ENDLESS POSSIBILITY COOKIE DOUGH Yields around 40-45 cookies
227 grams (1 cup/2 sticks) butter
150 grams sugar
½ teaspoon Kosher salt
1 teaspoon vanilla
2 large egg yolks (or 3 small)
Cream butter and sugar until light and fluffy. Beat in salt, vanilla and egg yolks, and mix well. Select a flavor of dough and add remaining ingredients.
FOR VANILLA DOUGH
295 grams all purpose flour
FOR CHOCOLATE DOUGH
40 grams cocoa powder
255 grams all purpose flour
FOR CHOCOLATE CHIP COOKIE DOUGH
20 grams molasses
½ teaspoon baking soda
295 grams all purpose flour
40 grams mini chocolate chips
FOR GINGER MOLASSES DOUGH
60 grams molasses
½ teaspoon baking soda
2 ½ tablespoons ground ginger
295 grams all purpose flour
If making multiple flavors of dough, weigh and divide the base mixture of butter, sugar, salt, vanilla and egg yolks into equal portions according to the number of flavors you want to mix up and add remaining ingredients.
TO MAKE TWO FLAVORS
Yields around 24-26 cookies of each flavor
Weigh base mixture and divide into two equal portions. Select two flavors and mix in other ingredients accordingly:
For vanilla dough, mix in 147 grams all purpose flour.

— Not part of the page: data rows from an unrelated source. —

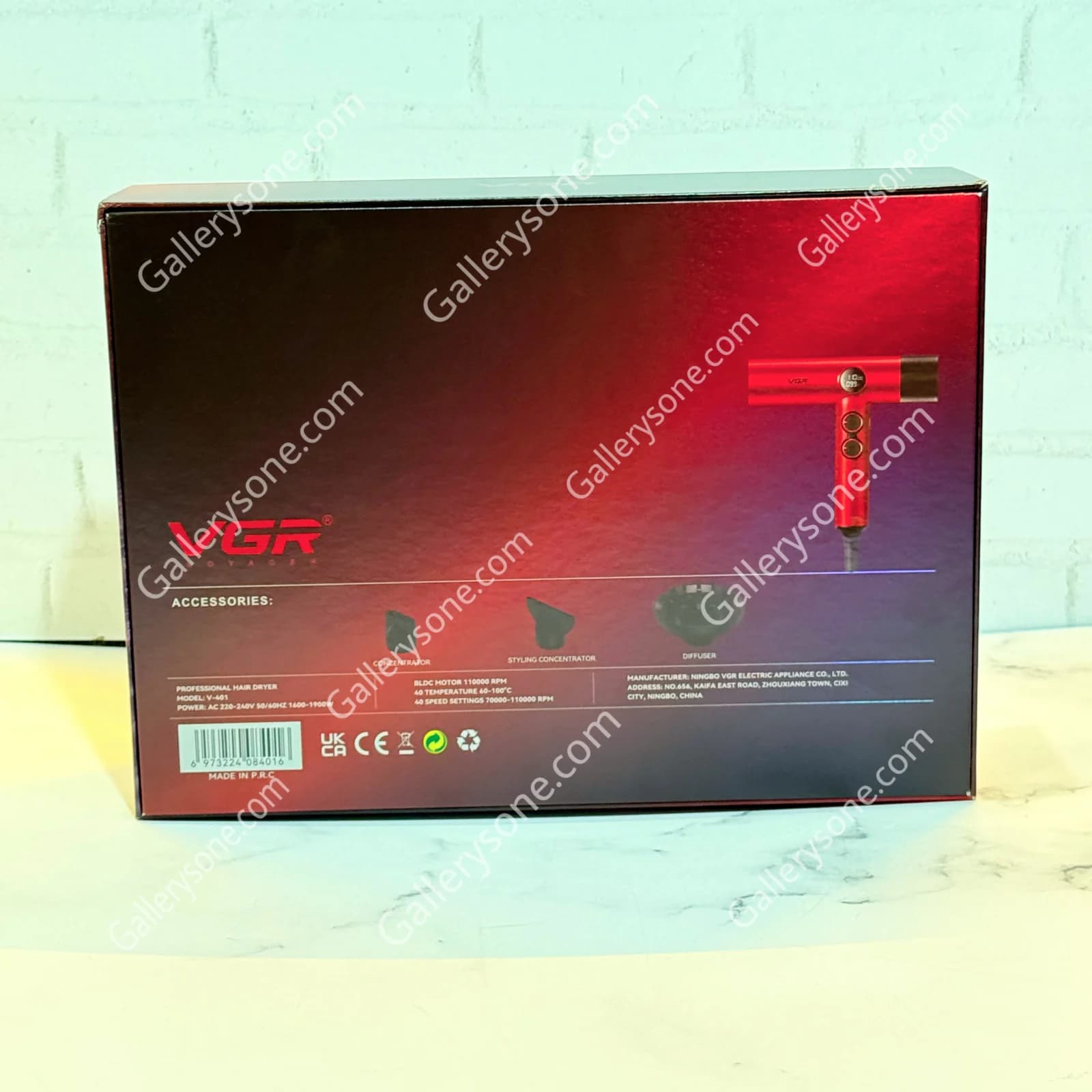 سشوار VGR V-401 | موتور BLDC با سرعت 110000 دور — تصویر ۵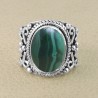 Malachite Gemstone 925 Sterling Silver Ring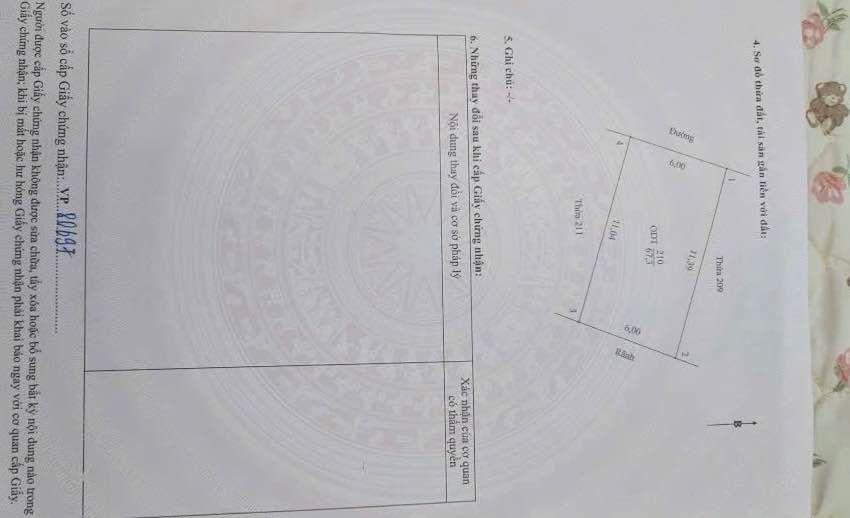 Đất nền Nho Quan, Ninh Bình 72m² - Sổ đỏ chính chủ, đường to ô tô!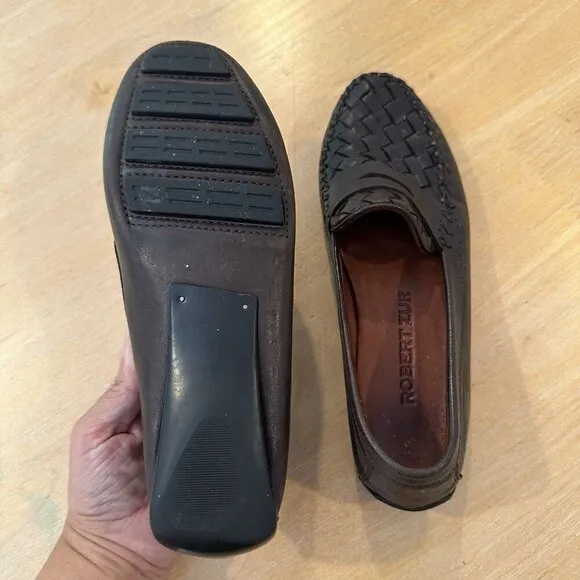 Robert Zur Loafers Shoes Womens 6.5 Petra Brown True Glove Driving Leather Comfy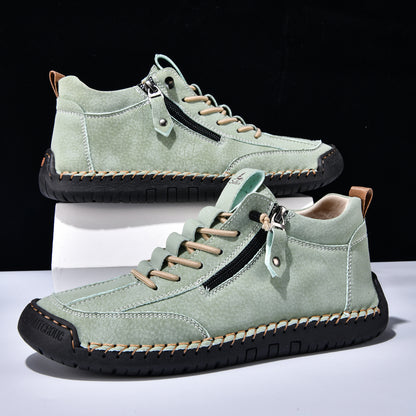 ⏰ÚLTIMO DÍA - 70% DE DESCUENTO🛒 Botas de cuero informales para hombre, ideales para actividades al aire libre, cómodas para caminar y conducir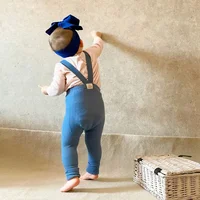 Infant Kids Suspender Pantyhose Spring Autumn Baby Girls Boys Tights Baby Girl Clothes High Waist Bandage Cross Straped Leggings 6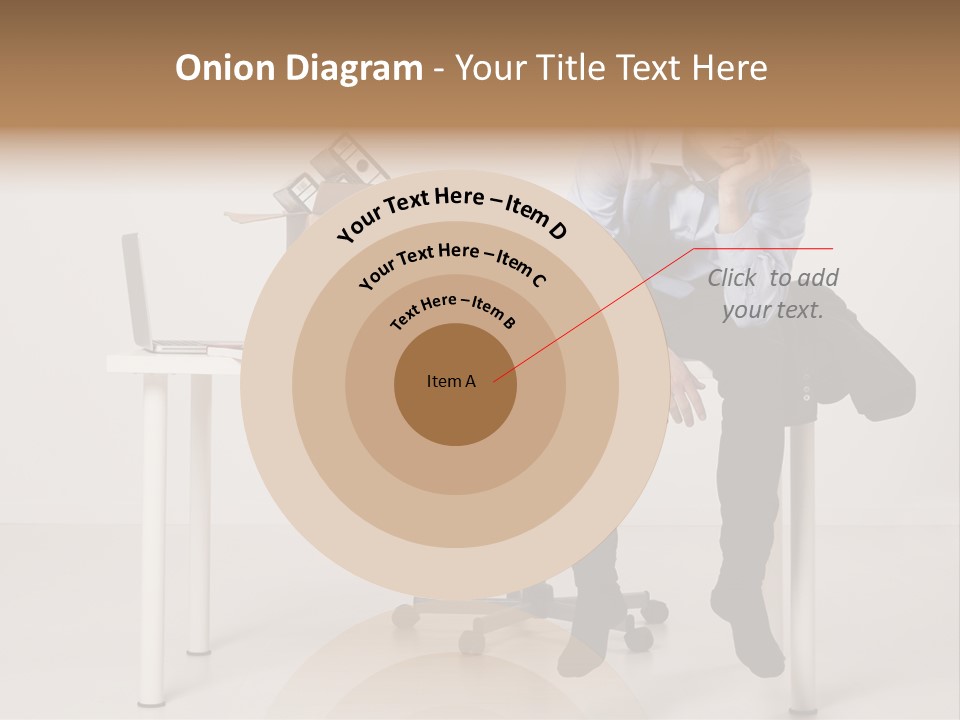 Grey Office Economy PowerPoint Template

For chocolate dough, mix in 20 grams cocoa powder and 127 grams all purpose flour.
For chocolate chip cookie dough, mix in 10 grams molasses, ¼ teaspoon baking soda, 147 grams all purpose flour and 20 grams mini chocolate chips.

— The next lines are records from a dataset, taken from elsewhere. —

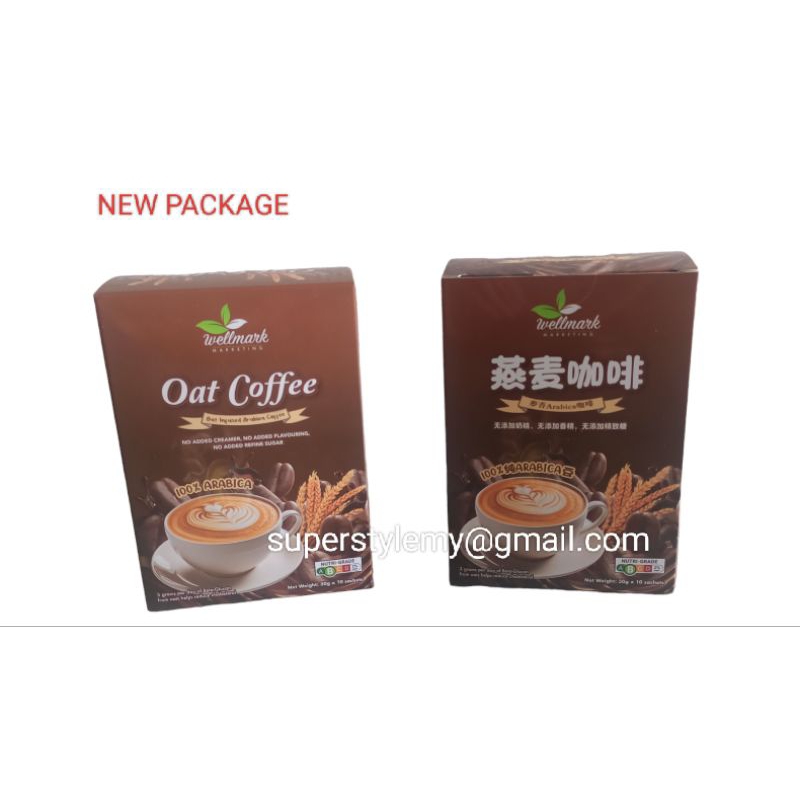 WellMark Oat Infused Arabica Coffee 麥香Arabica即溶咖啡 (30g x 10 sachets/box ...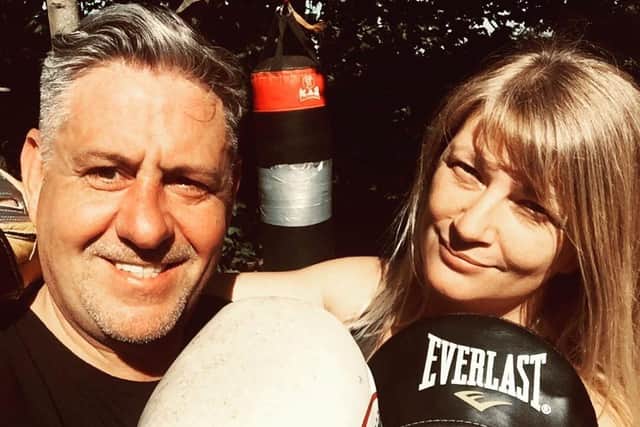 Colin and Lisa will be boxing for 36 hours over the bank holiday weekend.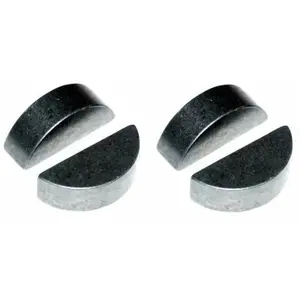 Cyclingcolors - 4x Clavette demi lune disque en acier din 6888 Arbre T...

For ginger molasses dough, mix in 30 grams molasses, ¼ teaspoon baking soda, 4 teaspoons ground ginger and 147 grams all purpose flour.
TO MAKE FOUR FLAVORS
Yields around 12-14 cookies of each flavor
Weigh base mixture and divide into four equal portions. Mix in other ingredients accordingly:
For vanilla dough, mix in 73 grams all purpose flour.
For chocolate dough, mix in 10 grams cocoa powder and 63 grams all purpose flour.
For chocolate chip cookie dough, mix in 5 grams molasses, one eighth teaspoon baking soda, 73 grams all purpose flour and 10 grams mini chocolate chips.
For ginger molasses dough, mix in 15 grams molasses, one eighth teaspoon baking soda, 2 teaspoons ground ginger and 73 grams all purpose flour.
After mixing desired dough(s), shape into a log, wrap in plastic wrap and chill in the fridge for at least 30 minutes, depending on which type of cookie you’re making, or freeze until ready to shape. After chilling thoroughly, unwrap dough, form into desired shapes and bake at 350 degrees for 13-15 minutes, until set and lightly golden. Alternatively, freeze doughs, wrapped in plastic, for up to four months.
FOR PRETZEL COOKIES
Unwrap log of preferred dough and slice into ¼ inch rounds, about 15 grams each. If frozen hard, you may need to let it thaw a bit. On a lightly floured counter, roll each round into a log about 7-8 inches long, wrapping each end over the other into a pretzel shape and place on Silpat or parchment lined cookie sheet one inch apart. Brush with lightly beaten egg white (not yolk — it will brown too much) and sprinkle with sugar (Hagelzucker, Pearl Sugar, Demerara, granulated or colored sugar) and chill for at least 30 minutes. Once chilled, bake at 350 degrees for 10-15 minutes until set and lightly golden.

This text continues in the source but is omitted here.